Im März habe ich nicht „alles skaliert“. Ich habe gebaut, geschraubt, verworfen, hübscher gemacht und an Stellen optimiert, die von außen oft aussehen wie Kleinkram, in Wahrheit aber das Fundament tragen.
Oder kürzer: kein glorreiches SEO-Feuerwerk, eher stille Renovierungsarbeiten im Maschinenraum. Nur dass der Maschinenraum diesmal ein bisschen schöner aussah als ein klassisches WordPress-Backend aus der Vorzeit.
Wenn man über SEO und GEO schreibt, lauert schnell dieser seltsame Internet-Reflex: Alles muss nach Raketenstart klingen. Mehr Sichtbarkeit. Mehr Systeme. Mehr Output. Mehr „Ich habe in 19 Tagen 78 Prozesse automatisiert und atme jetzt nur noch strukturierte Daten“. Ihr kennt das. Es ist das Content-Pendant zum Fitnessstudio im Januar.
Mein März war anders. Und gerade deshalb interessant. Ich habe nicht die große Growth-Operette aufgeführt, sondern an mehreren Stellen weiterentwickelt, was langfristig mehr bringt als hektischer Aktionismus: Struktur, Design, Konsistenz, technische Signale und eine klarere inhaltliche Klammer für meine Case Study.
Weil ich sowohl aus der technischen als auch aus der Content- und Psychologie-Ecke denke, interessieren mich dabei nicht nur Rankings, sondern auch Verhalten: Was hält Menschen auf einer Seite? Was macht Inhalte verständlicher? Was wirkt vertrauenswürdig? Und was sieht schlicht nicht mehr aus wie digital konservierter Kartoffelsalat aus 2013?
Was im März wirklich passiert ist
Im März standen bei mir vor allem vier Dinge im Vordergrund: Weiterbildung zu GEO, Feinschliff an der Pillar Page, gestalterische Überarbeitung zentraler Seiten und die Entwicklung einer neuen, alten Mini-Site.
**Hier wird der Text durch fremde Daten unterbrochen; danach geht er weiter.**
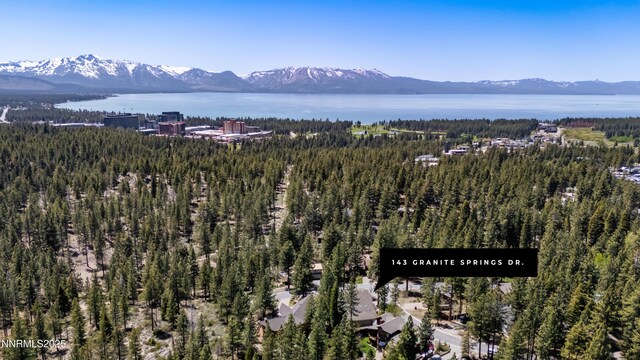 143 Granite Springs Dr, Stateline, NV 89449 - view of mountain background featuring a heavily wooded area and a nearby body of water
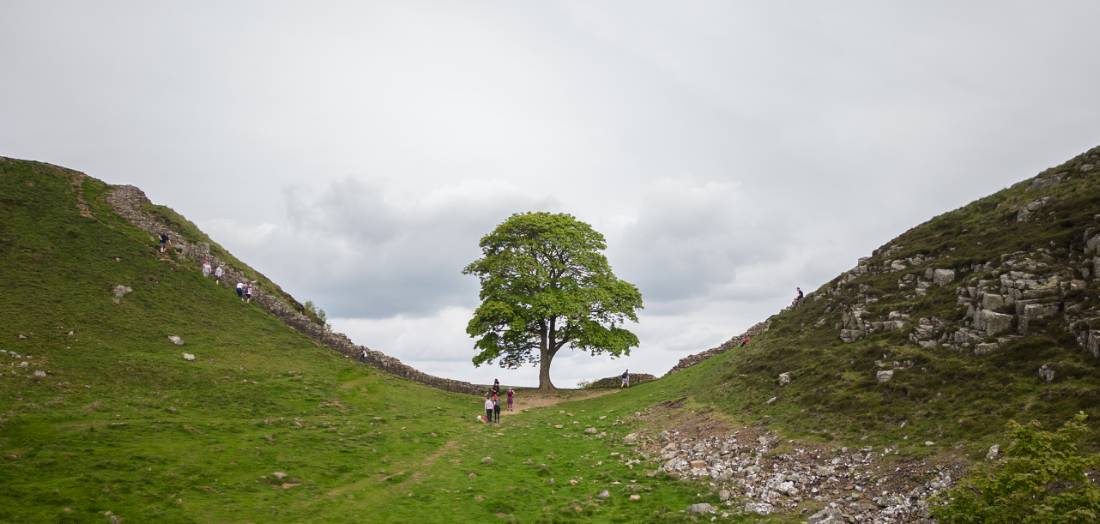 Discover the famous Sycamore Gap |  <i>Matt Sharman</i>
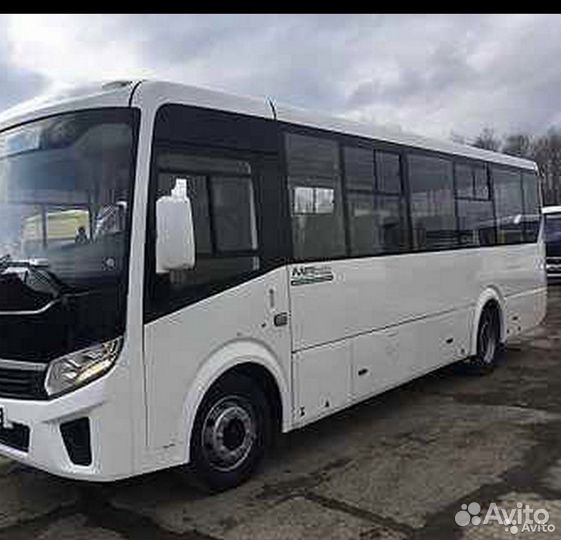 Водитель автобуса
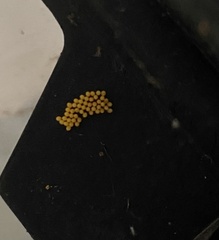 Harmonia axyridis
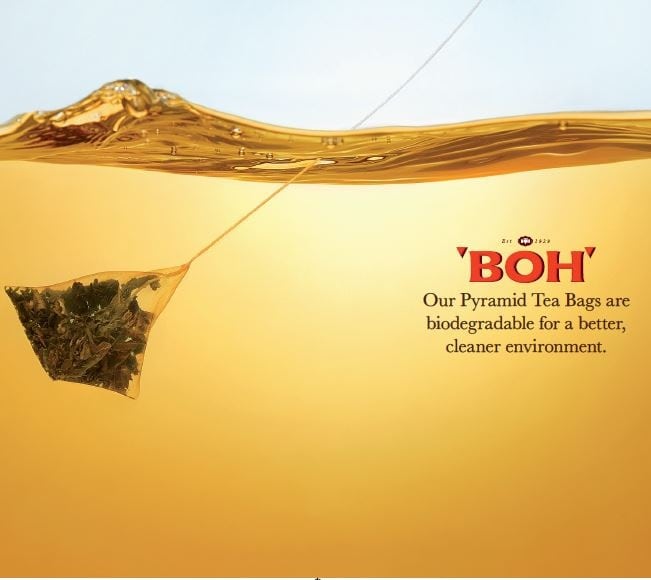 BOH pyramid bags are biodegradable.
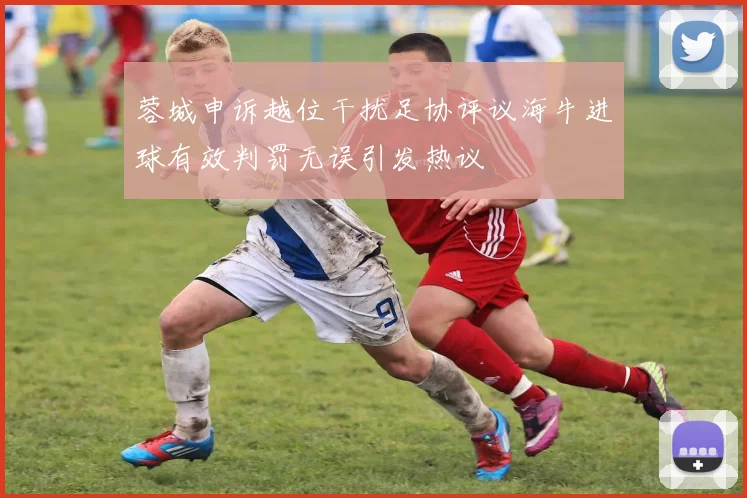 蓉城申诉越位干扰足协评议海牛进球有效判罚无误引发热议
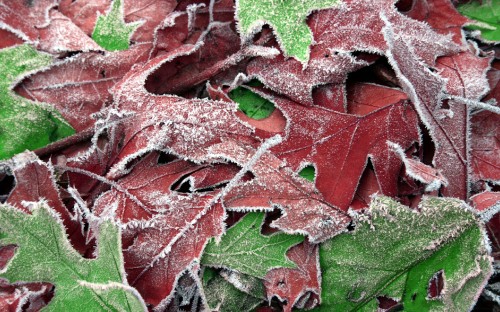 Image red and green maple leaf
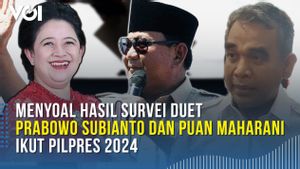  VIDEO: Gerindra Respons Hasil Survei soal Kuatnya Duet Prabowo-Puan di Pilpres 2024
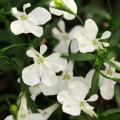 Lobelia Magadi Compact White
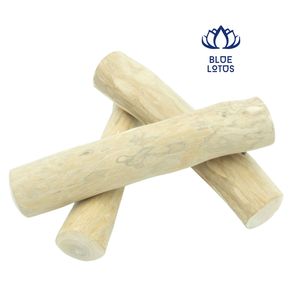 Juguete masticable para perros de alta calidad con forma de árbol de café, promueve el ejercicio de mordeduras y ayuda a reducir el aburrimiento por masticar en perros 2026 - Product Image 1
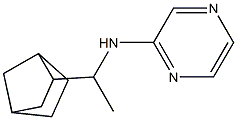 N-(1-{bicyclo[2.2.1]heptan-2-yl}ethyl)pyrazin-2-amine Struktur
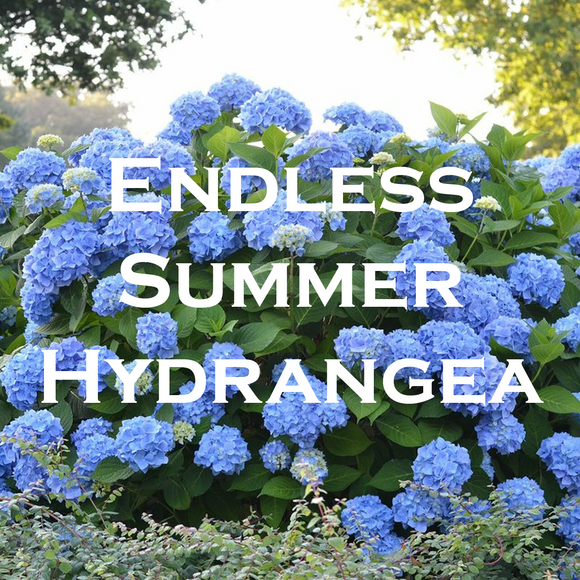 Endless Summer Hydrangea
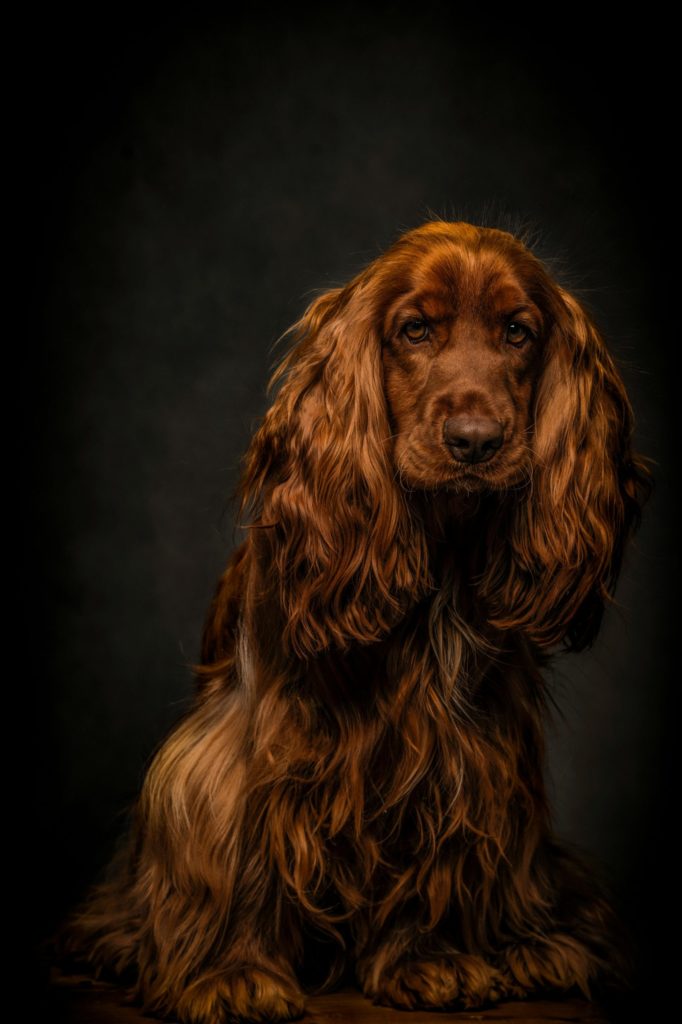 English Cocker Spaniel: The Ultimate Family Companion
Dazu kam noch eine kleine Beobachtung aus der Search Console: Die Zugriffe sinken am Wochenende. Kein Weltuntergang, eher ein Fingerzeig.
Das ist vielleicht die ehrlichste Monatsbilanz überhaupt: keine Content-Maschinenfantasie, sondern ein Arbeitsmonat mit Fokus, kleineren Stellschrauben und einem sehr vernünftigen Maß an Frühling dazwischen. Ja, ich weiß. Fast skandalös menschlich.
Was ich konkret gemacht habe
- Ich habe GEO-Kurse absolviert, um mein Verständnis für generative Suchsysteme, Antwortmaschinen und Optimierungsmuster zu schärfen.
- Ich habe die bereits im Februar gestartete Pillar Page für die Case Study weiter angepasst und strukturell ausgebaut.
- Ich habe die Bildsprache vereinheitlicht, damit die Case Study und verwandte Inhalte stärker wiedererkennbar sind.
- Ich habe die Seiten „Über mich“ und „Launchpad“ gestalterisch überarbeitet, mit stärker individuellem Design und weniger Standard-WordPress-Gesicht.
- Ich habe die Mini-Site mexikanische-wuerfelbude.de neu aufgebaut – aus einer Mischung aus Nostalgie, Neugier und digitaler Archäologie.
- Ich habe den Page Speed optimiert – was mich echt Zeit und Nerven gekostet hat. Aber es hat sich gelohnt:

Pillar Page und strukturelle Arbeit
Die Pillar Page ist im Grunde das, was viele Projekte zu spät ernst nehmen: ein zentrales Inhaltsfundament, das Themen nicht nur sammelt, sondern ordnet. Sie ist keine dekorative Linkhalde mit Buzzword-Fassadenanstrich, sondern die Seite, die erklärt, bündelt und verknüpft. Wenn Topic Cluster das Straßennetz sind, ist die Pillar Page der Hauptbahnhof – hoffentlich mit weniger Tauben und besserer Beschilderung.
Ich hatte damit schon im Februar begonnen. Im März ging es nicht darum, noch schnell mehr Text auf die Seite zu kippen wie schlecht gelaunten Beton, sondern um Verfeinerung. Struktur schärfen. Zusammenhänge klarer machen. Übergänge verbessern. Und die Seite stärker auf ihre Funktion ausrichten: Orientierung geben, Relevanz bündeln, Vertrauen aufbauen.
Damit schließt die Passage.